[PROBLEM STATEMENT]: Give the number of lines in the listing that contain the word "Show", and nothing besides.

[DATA TO USE]:

·····

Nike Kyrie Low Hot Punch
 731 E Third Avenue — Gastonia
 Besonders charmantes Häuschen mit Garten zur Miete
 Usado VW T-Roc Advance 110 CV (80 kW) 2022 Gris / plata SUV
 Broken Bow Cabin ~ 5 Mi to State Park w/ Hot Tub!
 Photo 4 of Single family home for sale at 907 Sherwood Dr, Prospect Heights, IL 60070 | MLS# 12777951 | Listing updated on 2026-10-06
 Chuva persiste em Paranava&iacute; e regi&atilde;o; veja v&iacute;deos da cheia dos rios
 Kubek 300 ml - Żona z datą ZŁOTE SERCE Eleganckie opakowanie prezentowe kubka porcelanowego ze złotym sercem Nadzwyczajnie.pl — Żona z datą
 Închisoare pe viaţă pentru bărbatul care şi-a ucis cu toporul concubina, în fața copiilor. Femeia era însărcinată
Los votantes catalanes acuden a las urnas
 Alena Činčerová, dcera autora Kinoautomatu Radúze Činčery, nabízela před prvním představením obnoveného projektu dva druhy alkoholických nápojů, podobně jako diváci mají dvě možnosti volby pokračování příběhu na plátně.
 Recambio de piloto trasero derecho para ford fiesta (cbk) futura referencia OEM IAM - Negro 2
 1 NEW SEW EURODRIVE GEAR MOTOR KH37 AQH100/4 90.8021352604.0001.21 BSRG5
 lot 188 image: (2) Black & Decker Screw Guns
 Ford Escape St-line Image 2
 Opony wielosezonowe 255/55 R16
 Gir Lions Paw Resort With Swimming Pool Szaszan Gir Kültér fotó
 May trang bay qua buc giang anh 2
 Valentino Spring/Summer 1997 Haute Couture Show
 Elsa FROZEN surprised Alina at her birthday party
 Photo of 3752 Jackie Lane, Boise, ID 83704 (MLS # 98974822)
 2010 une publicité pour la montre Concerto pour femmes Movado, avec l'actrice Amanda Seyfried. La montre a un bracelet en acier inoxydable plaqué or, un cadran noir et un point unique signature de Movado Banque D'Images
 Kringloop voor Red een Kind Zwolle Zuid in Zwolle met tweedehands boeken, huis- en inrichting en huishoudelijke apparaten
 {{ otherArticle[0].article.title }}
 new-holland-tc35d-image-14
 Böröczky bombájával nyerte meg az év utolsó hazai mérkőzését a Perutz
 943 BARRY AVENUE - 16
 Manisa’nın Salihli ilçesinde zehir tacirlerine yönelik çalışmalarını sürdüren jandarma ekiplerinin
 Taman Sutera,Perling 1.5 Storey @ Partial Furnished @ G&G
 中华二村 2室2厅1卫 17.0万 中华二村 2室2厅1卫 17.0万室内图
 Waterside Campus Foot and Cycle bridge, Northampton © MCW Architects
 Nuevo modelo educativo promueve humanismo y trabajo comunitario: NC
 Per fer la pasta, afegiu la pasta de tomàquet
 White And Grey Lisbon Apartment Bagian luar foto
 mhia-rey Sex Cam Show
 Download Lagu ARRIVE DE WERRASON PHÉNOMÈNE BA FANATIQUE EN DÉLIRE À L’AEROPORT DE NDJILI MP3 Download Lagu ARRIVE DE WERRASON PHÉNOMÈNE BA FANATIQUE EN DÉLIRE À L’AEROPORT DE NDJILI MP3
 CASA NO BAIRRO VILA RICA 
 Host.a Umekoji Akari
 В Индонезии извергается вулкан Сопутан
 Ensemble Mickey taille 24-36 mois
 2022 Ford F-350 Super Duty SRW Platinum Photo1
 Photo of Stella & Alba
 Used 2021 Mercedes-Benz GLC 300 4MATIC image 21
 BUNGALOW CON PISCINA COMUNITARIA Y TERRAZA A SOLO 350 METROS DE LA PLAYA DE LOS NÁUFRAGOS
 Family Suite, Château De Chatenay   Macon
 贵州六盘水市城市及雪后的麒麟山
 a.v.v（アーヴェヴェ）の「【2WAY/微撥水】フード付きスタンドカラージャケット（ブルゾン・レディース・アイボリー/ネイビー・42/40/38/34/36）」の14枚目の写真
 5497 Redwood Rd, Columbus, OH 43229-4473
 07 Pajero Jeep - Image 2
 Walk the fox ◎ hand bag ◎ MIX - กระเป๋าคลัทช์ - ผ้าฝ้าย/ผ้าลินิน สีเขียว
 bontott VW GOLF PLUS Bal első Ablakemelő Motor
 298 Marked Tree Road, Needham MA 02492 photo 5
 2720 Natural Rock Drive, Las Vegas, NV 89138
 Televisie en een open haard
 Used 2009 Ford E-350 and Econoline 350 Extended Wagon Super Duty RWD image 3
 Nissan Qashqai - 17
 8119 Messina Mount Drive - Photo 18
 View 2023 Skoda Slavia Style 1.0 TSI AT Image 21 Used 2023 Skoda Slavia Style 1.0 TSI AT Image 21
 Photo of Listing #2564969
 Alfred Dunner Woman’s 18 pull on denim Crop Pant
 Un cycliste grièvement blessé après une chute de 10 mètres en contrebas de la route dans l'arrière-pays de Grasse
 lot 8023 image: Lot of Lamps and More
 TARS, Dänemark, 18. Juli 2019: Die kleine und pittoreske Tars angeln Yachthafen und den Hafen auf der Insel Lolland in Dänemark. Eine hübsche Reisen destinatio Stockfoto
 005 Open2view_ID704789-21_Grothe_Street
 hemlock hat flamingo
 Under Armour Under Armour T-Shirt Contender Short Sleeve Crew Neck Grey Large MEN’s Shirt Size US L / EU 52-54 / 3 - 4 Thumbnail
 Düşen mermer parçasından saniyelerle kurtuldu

·····

[RESULT OF THIS EXERCISE]: 2